> Required action: Everything in the data should be repeated exactly, save for the images.

> Data provided:

###

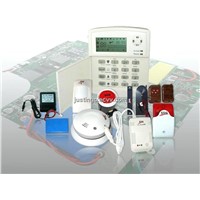 Long distance GSM alarm system (compatible with CMS)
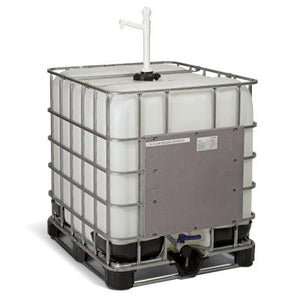 275 Gallon Caged Poly IBC Tote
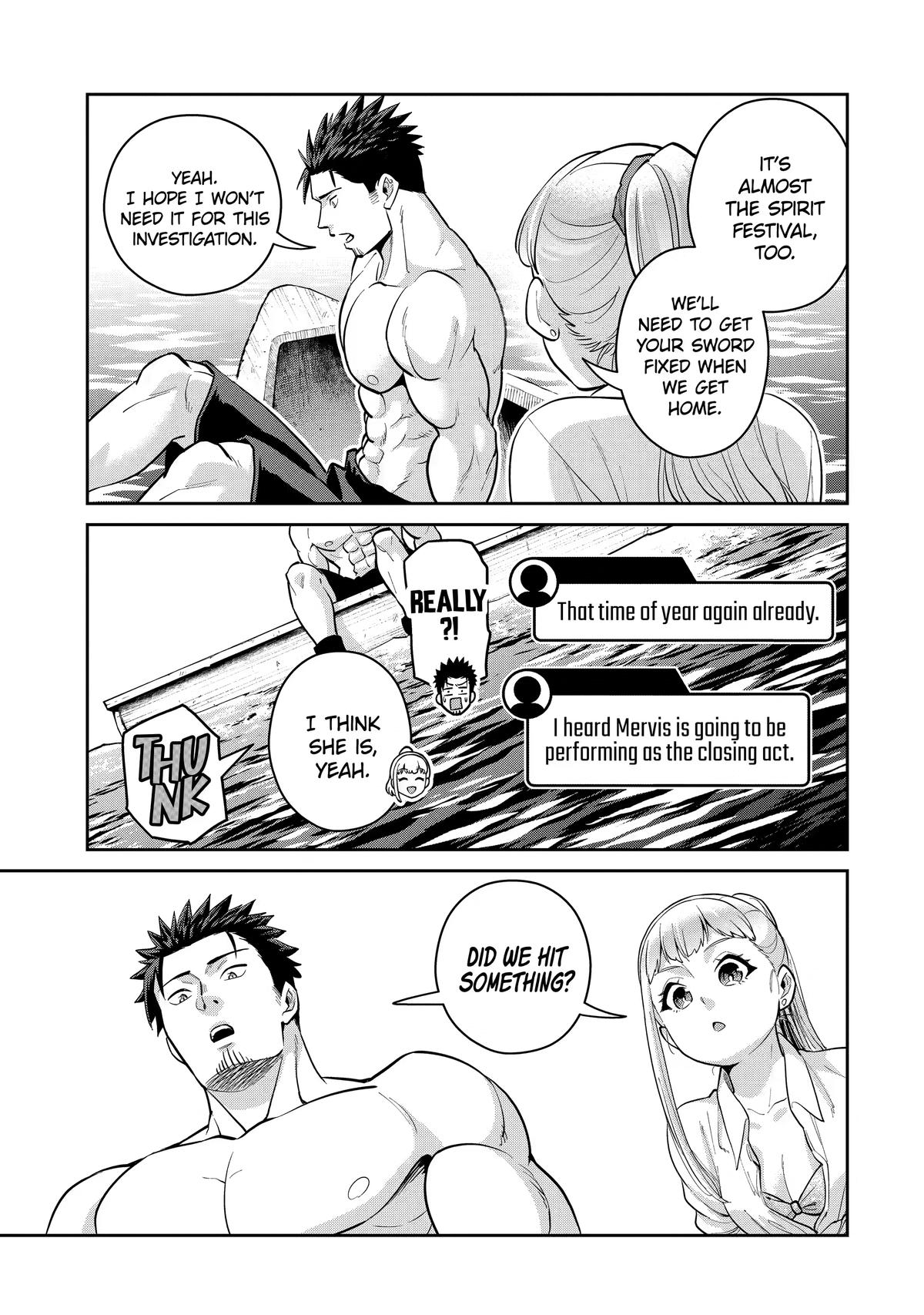 Saikyou wa Inaka Nouka no Ossan deshita: Saikou Rank no Dragon wo Kujo shita Kekka, Jitsuryoku ga Sekai ni Baremashita Chap 24 - Next Chap 25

###

> Task answer:
 Long distance GSM alarm system (compatible with CMS)
 275 Gallon Caged Poly IBC Tote
 Saikyou wa Inaka Nouka no Ossan deshita: Saikou Rank no Dragon wo Kujo shita Kekka, Jitsuryoku ga Sekai ni Baremashita Chap 24 - Next Chap 25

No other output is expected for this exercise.